From: Karsten Blees <karsten.blees@gmail.com>
To: Junio C Hamano <gitster@pobox.com>
Cc: Git List <git@vger.kernel.org>, Thomas Rast <tr@thomasrast.ch>,
Jens Lehmann <Jens.Lehmann@web.de>
Subject: Re: [PATCH v4 02/14] add a hashtable implementation that supports O(1) removal
Date: Fri, 08 Nov 2013 11:27:26 +0100 [thread overview]
Message-ID: <527CBC8E.6050507@gmail.com> (raw)
In-Reply-To: <xmqq4n7nriuj.fsf@gitster.dls.corp.google.com>
Am 07.11.2013 22:40, schrieb Junio C Hamano:
> Karsten Blees <karsten.blees@gmail.com> writes:
>
>> +`void hashmap_add(struct hashmap *map, void *entry)`::
>> +
>> + Adds a hashmap entry. This allows to add duplicate entries (i.e.
>> + separate values with the same key according to hashmap_cmp_fn).
>> ++
>> +`map` is the hashmap structure.
>> ++
>> +`entry` is the entry to add.
>> +
>> +`void *hashmap_put(struct hashmap *map, void *entry)`::
>> +
>> + Adds or replaces a hashmap entry.
>> ++
>> +`map` is the hashmap structure.
>> ++
>> +`entry` is the entry to add or update.
>> ++
>> +Returns the previous entry, or NULL if not found (i.e. the entry was added).
>
> What happens when there were duplicate entries previously added?
> All are replaced? One of them is randomly chosen and gets replaced?
>
> With s/replaced/removed/, the same question applies to hashmap_remove().
>
> I am guessing that "we pick one at random and pretend as if other
> duplicates do not exist" is the answer,
Exactly, however, you won't have duplicates if you use put exclusively.
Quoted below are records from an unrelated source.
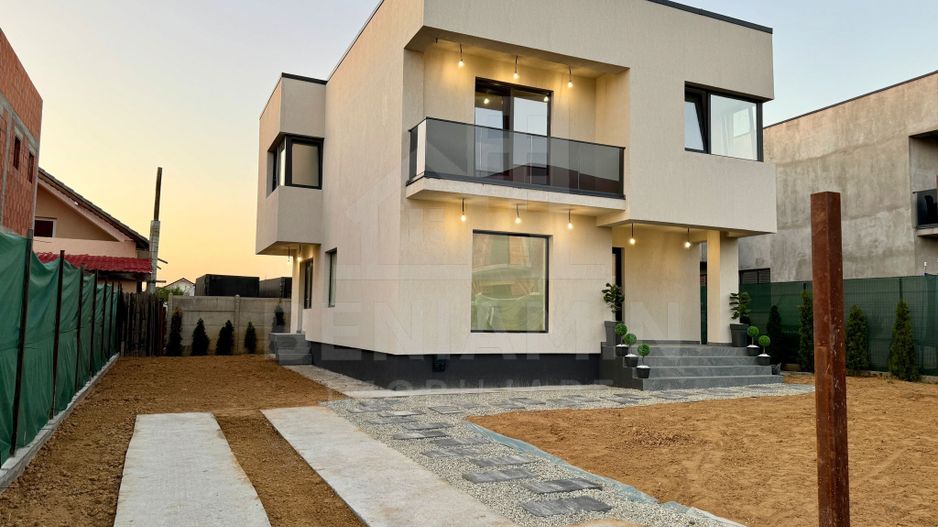 Casa 4 Dormitoare-Living-Bucatarie-2 Bai-169mp-Teren 410-Bariera - Poză 1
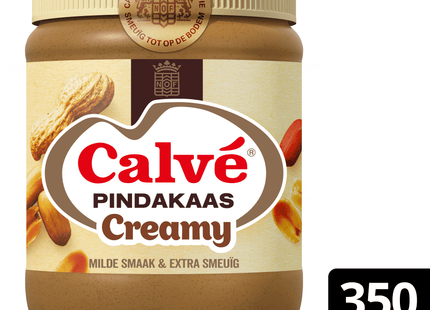 Calvé Pindakaas creamy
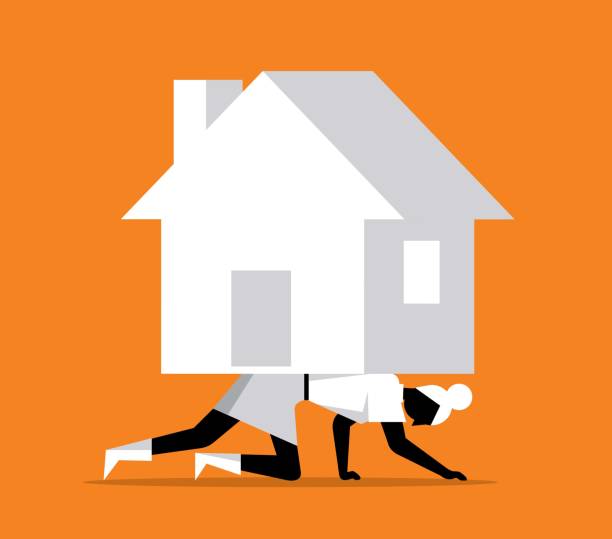 istock Home Loan - businesswoman 2165232804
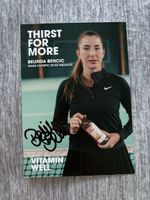 Belinda Bencic Original Autogramm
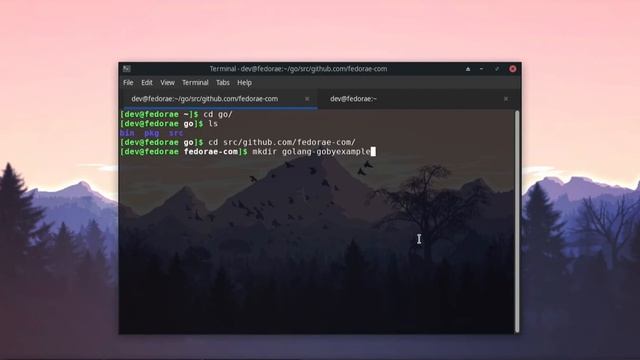 Learning GoByExample (Go/Golang) - Hello World | Fedorae Education смотреть онлайн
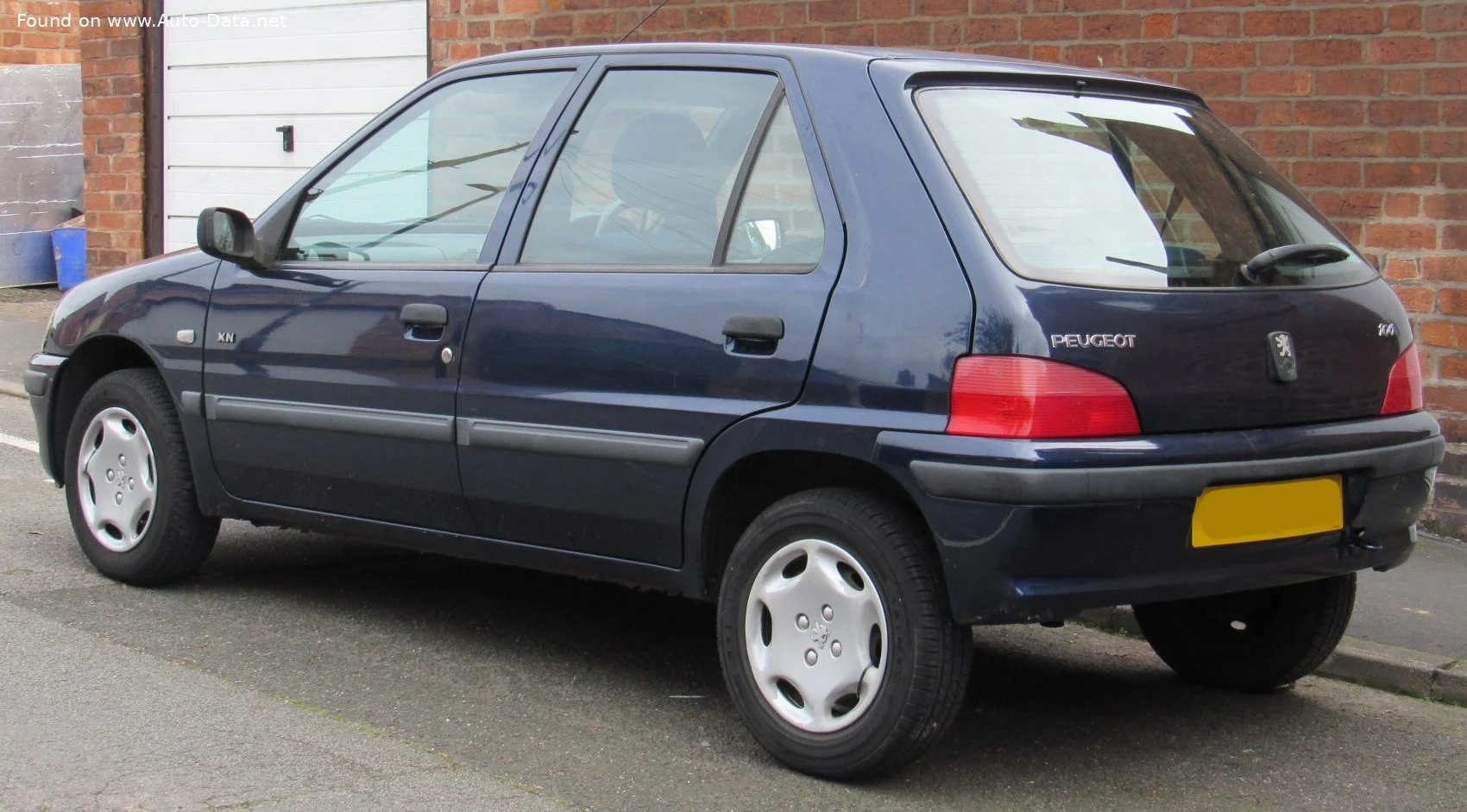 Peugeot 106 1.0 i (50 Hp)1997 - 2000 thumbnail 4
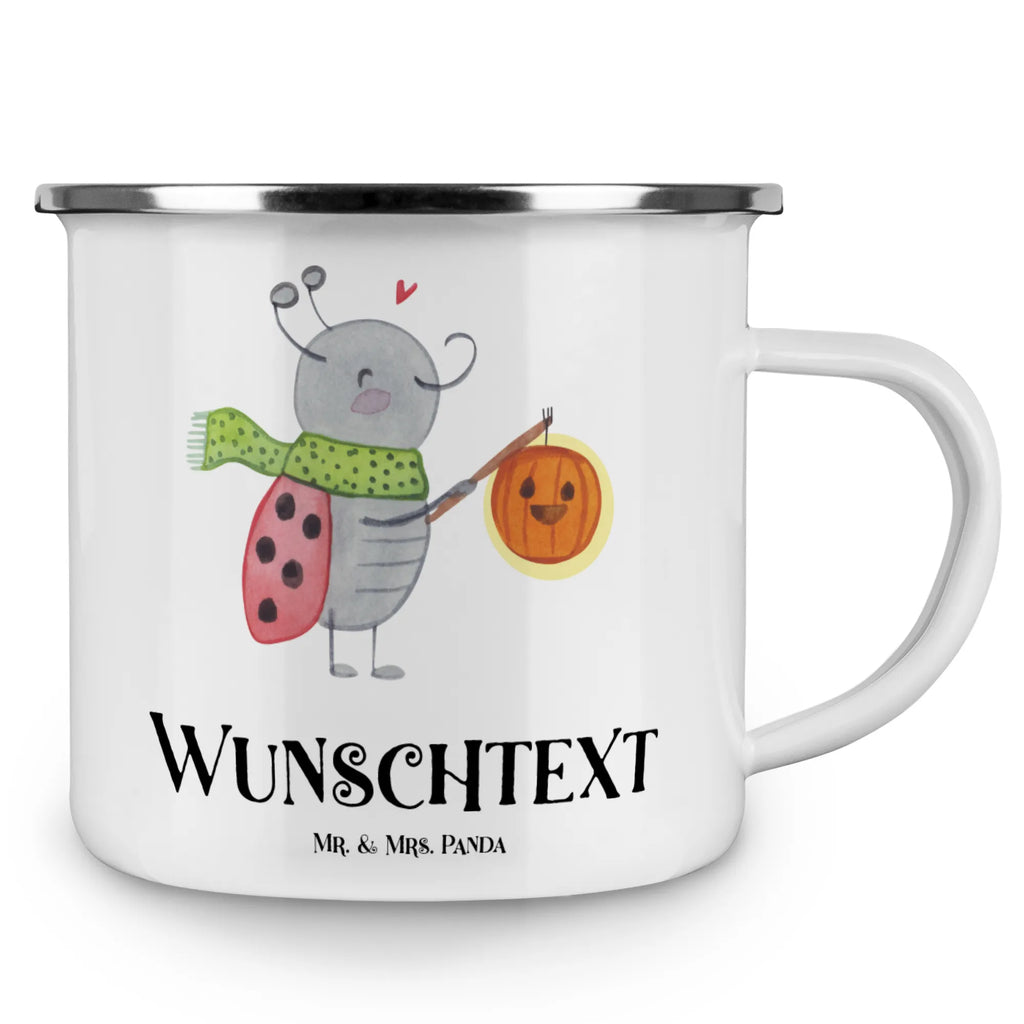 Personalisierte Emaille Tasse Smörle Laterne Emaille Tasse personalisiert, Emaille Tasse mit Namen, Campingtasse personalisiert, Namenstasse, Campingtasse bedrucken, Campinggeschirr personalsisert, tasse mit namen, personalisierte tassen, personalisierte tasse, tasse selbst gestalten, tasse bedrucken, tassen bedrucken, Halloween, Deko, Martinssingen, Dekoration, Geschenke, Schenken, Laterne, Herbst, Marienkäfer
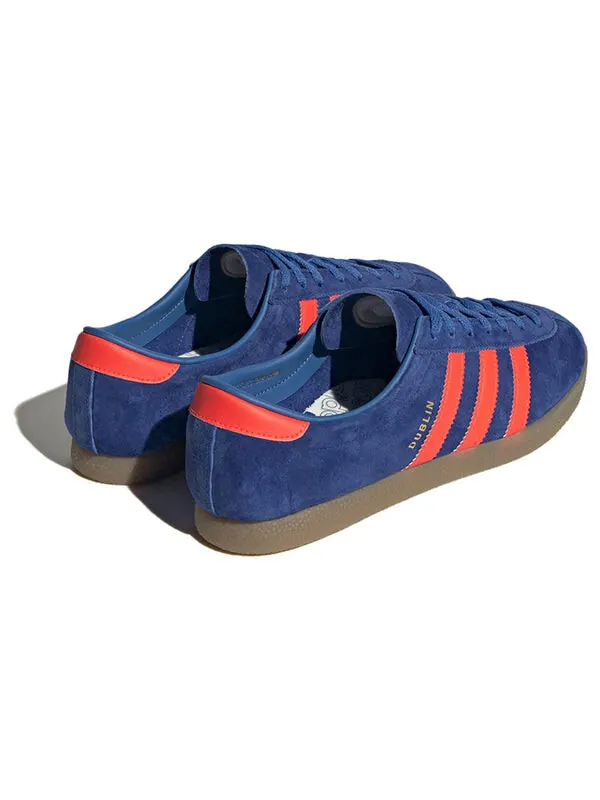 Кроссовки originals dublin 'city series collegiate royal solar red (2023)' Adidas — изображение 4 из 4, красный
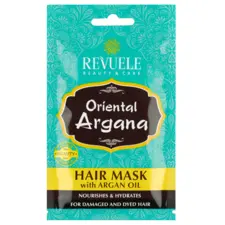 Maska za hidrataciju oštećene kose REVUELE Oriental Argan 25ml
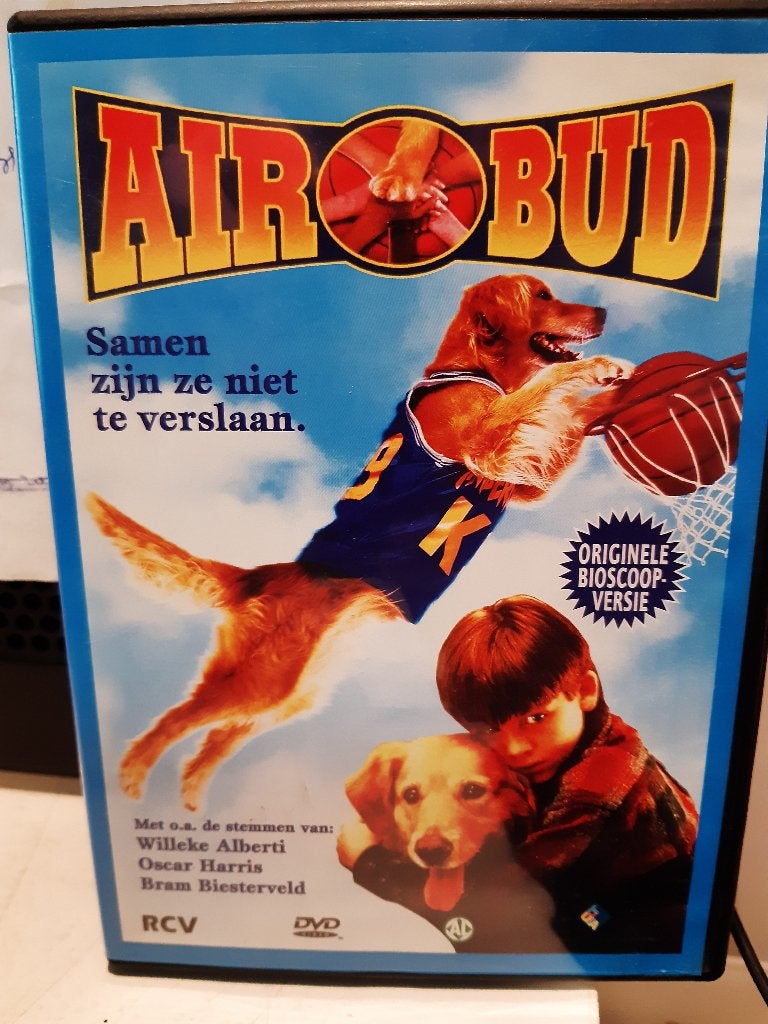 dvd Air Bud (Z204-87), Alle leeftijden, Ophalen of Verzenden, Zo goed als nieuw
> and I do not immediately
> have an objection to that semantics, but whatever the rule is, it
> needs to be spelled out.
>
I'll clarify this.
>> +`void *hashmap_remove(struct hashmap *map, const void *key, const void *keydata)`::
>> +
>> + Removes a hashmap entry matching the specified key.
>> ...
>> +Usage example
>> +-------------
>> +
>> +Here's a simple usage example that maps long keys to double values.
>> +[source,c]
>> +------------
>> +struct hashmap map;
>> +
>> +struct long2double {
>> + struct hashmap_entry ent; /* must be the first member! */
>> + long key;
>> + double value;
>> +};
>> +
>> +static int long2double_cmp(const struct long2double *e1, const struct long2double *e2, const void *unused)
>> +{
>> + return !(e1->key == e2->key);
>> +}
>> +
>> +void long2double_init()
>
> void long2double_init(void)
>
>> +{
>> + hashmap_init(&map, (hashmap_cmp_fn) long2double_cmp, 0);
>> +}
>> +
>> +void long2double_free()
>
> Likewise.
>
>> diff --git a/hashmap.c b/hashmap.c
>> new file mode 100644
>> index 0000000..3a9f8c1
>> --- /dev/null
>> +++ b/hashmap.c
>> ...
>> +unsigned int memhash(const void *buf, size_t len)
>> +{
>> + unsigned int hash = FNV32_BASE;
>> + unsigned char *ucbuf = (unsigned char*) buf;
>
> "(unsigned char *)buf"; pointer-asterisk does not stick to type.
>
Ok, I'll recheck all casts.
>> + while (len--) {
>> + unsigned int c = *ucbuf++;
>> + hash = (hash * FNV32_PRIME) ^ c;
>> + }
>> + return hash;
>> +}
>> +
>> +unsigned int memihash(const void *buf, size_t len)
>> +{
>> + unsigned int hash = FNV32_BASE;
>> + unsigned char *ucbuf = (unsigned char*) buf;
>> + while (len--) {
>> + unsigned int c = *ucbuf++;
>> + if (c >= 'a' && c <= 'z')
>> + c -= 'a' - 'A';
>> + hash = (hash * FNV32_PRIME) ^ c;
>> + }
>> + return hash;
>> +}
>> +
>> +#define HASHMAP_INITIAL_SIZE 64
>> +/* grow / shrink by 2^2 */
>> +#define HASHMAP_GROW 2
>> +/* grow if > 80% full (to 20%) */
>> +#define HASHMAP_GROW_AT 1.25
>> +/* shrink if < 16.6% full (to 66.6%) */
>> +#define HASHMAP_SHRINK_AT 6
>
> May be I am too old fashioned, but seeing a floating-point constant
> in our otherwise pretty-much integer-only code makes me feel uneasy.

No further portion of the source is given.